The object discussed in this article, Terzan5, was featured as the Astronomy Picture of the Day, APOD for 21 September, 2016 Astronomy Picture of the Day
In a few articles I’ve touched upon a poorly understood class of objects known as Globular Clusters. These objects and the stars in them are galactic relics, timeposts that hearken back to a much earlier epoch in the galaxy’s history, indeed, in some cases, to the very beginnings of the universe.
I’m fascinated with relics as they have a story to tell, a deep story of something very old, of a long-gone epoch, a bridge, if you will, back to a time when the universe was much younger -and much different. Globular clusters are populated with very old stars, each a relic unto itself with a story to tell of a time when the universe was much younger.
The stars in them are what is known as early Population II stars and are among the very first stars ever formed. Just as a reference, the sun is a Population II star, slightly less than 5 Gyr (billion) years of age.

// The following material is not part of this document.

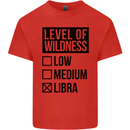 Levels of Wildness Libra Kids T-Shirt Childrens Red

Messier-13 as imaged by this author. Exposure: 7 minutes, Film: High-Speed Ektachrome (400 ASA), Instrument: 15 cm (6″) F/4.2, image circa 1986. The brightest stars in this object, seen as tiny pinpoints, are evolved Pop. II stars, some much older than the sun that are burning helium in their cores to produce energy. In some cases, these stars rank as the oldest stars in the universe. Click the image for a larger view.
With brilliant blue-white Vega due east, M-13 is still well placed at almost 9:00 PM (EDT). Image via Stellarium.
There are a few rather famous examples of these objects such as the great Globular Cluster Messier (M)-13 in the constellation Hercules. This object is a favorite of amateur astronomers and is visible with a pair of binoculars. A minimum of a 15 cm (6″) diameter telescope is necessary to resolve some of the brighter member stars. These stars, the ones visible with such a telescope, would be those stars mentioned above, the Pop. II stars. These stars in some instances are no longer using hydrogen to produce energy but are evolving towards the helium burning stage of their evolution.
In a recently published, related piece, I had discussed my visual observations back in 2012 of the most distant globular cluster, New General Catalog (NGC) 2419. Located in the northern circumpolar constellation Lynx, this object is 10% the distance to the next major galaxy to our Milky Way, our neighbor, Messier (M)-31, the Great Spiral Galaxy in Andromeda.
The subject of this article is another such enigmatic object, Terzan 5. Located 19,000 light-years away in the constellation of Sagittarius and placed due west of the galactic center, it is unusual for a variety of reasons.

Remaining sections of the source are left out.